Reproduce every line of the listing as written, apart from the pictures.

■ **Supplied data**
===============
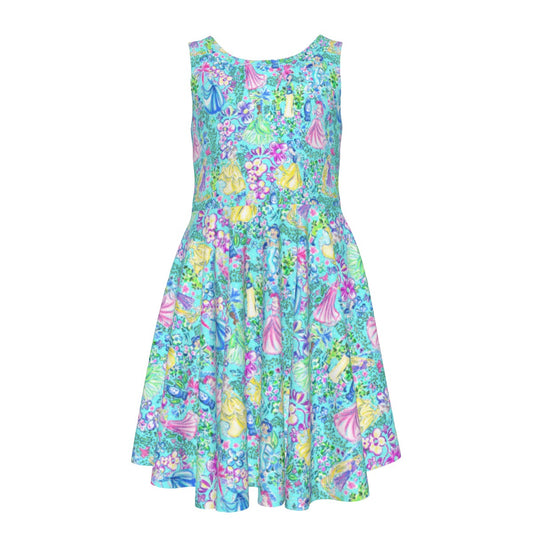 Bright Tropical Princess - Royal Garden Mashup - Kid's Sleeveless Skater Dress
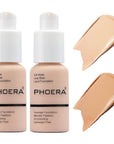 2 Pack PHOERA Foundation,Flawless Soft Matte 24 HR Oil Control Concealer Makeup,Full Coverage Foundation for Women and Girls (102 Nude+104 Buff Beige)
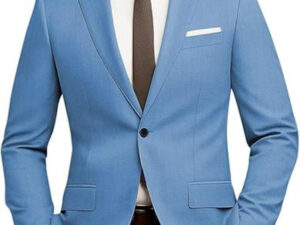 Men's Versatile Solid Color Business Jacket Long Pants Set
===============
■ **Task response**
 Bright Tropical Princess - Royal Garden Mashup - Kid's Sleeveless Skater Dress
 2 Pack PHOERA Foundation,Flawless Soft Matte 24 HR Oil Control Concealer Makeup,Full Coverage Foundation for Women and Girls (102 Nude+104 Buff Beige)
 Men's Versatile Solid Color Business Jacket Long Pants Set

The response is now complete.